• WHAT TO DO: Check each line below for the word "Photo", and copy those that have it.

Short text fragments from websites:

▼

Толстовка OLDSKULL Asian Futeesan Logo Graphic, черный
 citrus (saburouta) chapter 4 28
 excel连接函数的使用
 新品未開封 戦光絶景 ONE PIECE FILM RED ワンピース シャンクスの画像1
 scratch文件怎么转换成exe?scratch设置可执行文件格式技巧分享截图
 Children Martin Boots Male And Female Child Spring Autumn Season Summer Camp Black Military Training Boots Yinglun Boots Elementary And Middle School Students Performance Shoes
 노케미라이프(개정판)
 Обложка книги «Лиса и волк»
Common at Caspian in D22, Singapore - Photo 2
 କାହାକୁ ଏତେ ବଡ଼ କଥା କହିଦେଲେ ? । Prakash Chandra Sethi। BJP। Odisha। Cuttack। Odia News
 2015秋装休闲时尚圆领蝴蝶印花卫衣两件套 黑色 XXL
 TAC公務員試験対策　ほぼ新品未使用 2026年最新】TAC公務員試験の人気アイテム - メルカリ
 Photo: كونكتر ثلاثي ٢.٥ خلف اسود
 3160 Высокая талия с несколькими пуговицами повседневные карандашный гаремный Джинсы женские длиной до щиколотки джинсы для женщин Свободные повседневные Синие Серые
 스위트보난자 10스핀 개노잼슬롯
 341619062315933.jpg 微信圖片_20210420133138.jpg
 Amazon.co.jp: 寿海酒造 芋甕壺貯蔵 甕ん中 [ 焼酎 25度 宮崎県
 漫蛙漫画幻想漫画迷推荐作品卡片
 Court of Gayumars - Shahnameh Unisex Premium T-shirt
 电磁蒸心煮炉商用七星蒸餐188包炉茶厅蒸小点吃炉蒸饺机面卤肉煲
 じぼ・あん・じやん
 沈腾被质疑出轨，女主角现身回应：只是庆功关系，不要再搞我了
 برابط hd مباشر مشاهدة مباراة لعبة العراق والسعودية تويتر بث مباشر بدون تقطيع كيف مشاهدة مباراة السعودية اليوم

▲

• EXPECTED ANSWER:
Common at Caspian in D22, Singapore - Photo 2
 Photo: كونكتر ثلاثي ٢.٥ خلف اسود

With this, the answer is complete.